In the year 2000, Natalie Massenet was a woman with a startup fashion e-commerce site that nobody really understood. Sell expensive designer clothes through the internet? Huh? Fast forward 15 years, and the project she built out of her London apartment isn’t only every woman’s go-to shopping site, but Net-a-Porter can be credited for creating the blueprint for how we shop online, and for selling online luxury goods through an editorial lens—a model almost every brand employs today.
Yesterday, the ultimate girl boss set the internet ablaze in a different way: By abruptly resigning from Net-a-Porter much to the shock of the business and fashion worlds. This decision comes on the heels of a merger with Italian e-commerce group Yoox, and—after her resignation—it’s being reported that the 50-year-old stands to walk away with about $153 million after selling shares in the company.
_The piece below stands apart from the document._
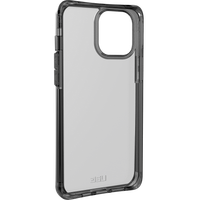 UAG Plyo Hard Case Apple iPhone 12 Pro Max - Ash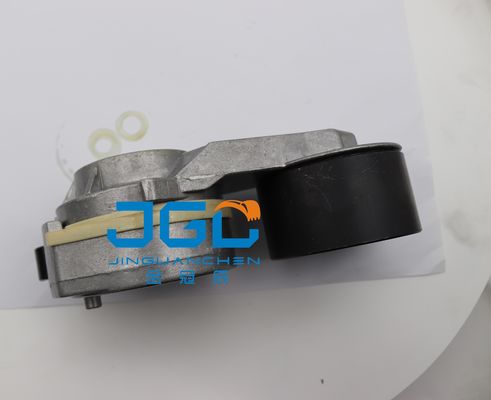 Sürücü kemeri germe montajı 21422765 VOL-VO EC380 EC480 Kamyonlar için FH13, FM13, FM7, FM9  MP8 B10L, B12B, B12M, B9S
“It’s unfortunate when someone like Natalie, who has built an incredible business from nothing and has become the standard bearer of great taste and style defying everyone’s expectations about e-commerce, leaves her business,” says former IMG president Fern Mallis. “But I guess it’s expected when you sell—it’s no longer yours. I’m sure she will do something else even more fabulous.”
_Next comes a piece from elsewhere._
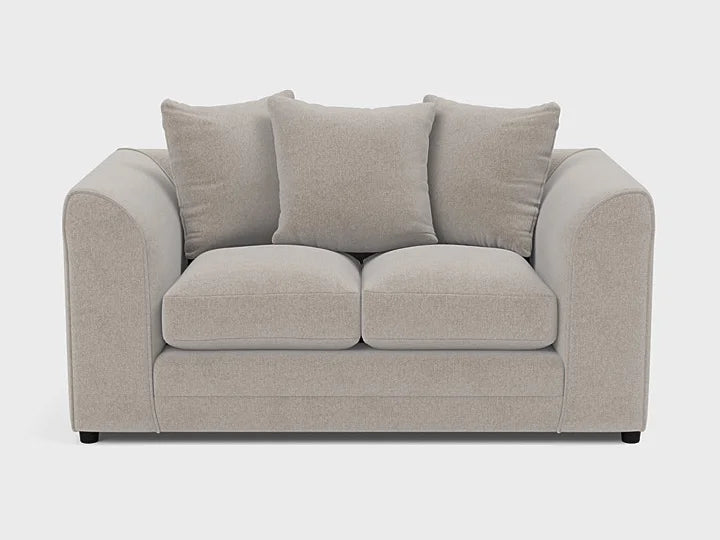 Highgrove 2 Seater Sofa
A former WWD and Tatler fashion journalist who started her career at GHQ, a menswear store in Los Angeles’ Beverly Center, Massenet grew Net-a-Porter into a 2,500-employee company with offices in New York, London, Hong Kong and Shanghai.
Her contributions to retail as we know it were game changing. She created a brand experience within the confines of the Web that included incredible packaging and second-to-none customer service, including a convenient and generous return policy. The application of Massenet’s editorial background to selling luxury goods online is now the industry standard, using visual images, editorials and storytelling in the same way magazines do to inspire her consumer to purchase. She also created a working environment that constantly put Net-a-Porter on lists of the best companies to work for, not to mention she’s inspired women everywhere to do more and go further.
That’s not all: In 2013, Natalie was named Chairman of the British Fashion Council and was made a Member of the Order of the British Empire in 2009, an honor bestowed by the Queen of England herself.
So why walk away from the world’s premiere shopping site? That’s not entirely clear, but in Thursday’s Wall Street Journal, luxury analyst Luca Solca commented: “She wasn’t particularly keen on the merger with Yoox, which is why it didn’t happen earlier.” He also indicated the she was unhappy with the valuation given to her company and added that she “may have had qualms about Yoox being a very different business, much more of a company run by engineers.”
In a statement Massanet made about where she is going after this, she said, “As for my own future, my entrepreneurial drive is as strong today as it always has been, and my passion for innovation will continue to be my greatest guide in business.” We can’t wait to see what she ends up doing next.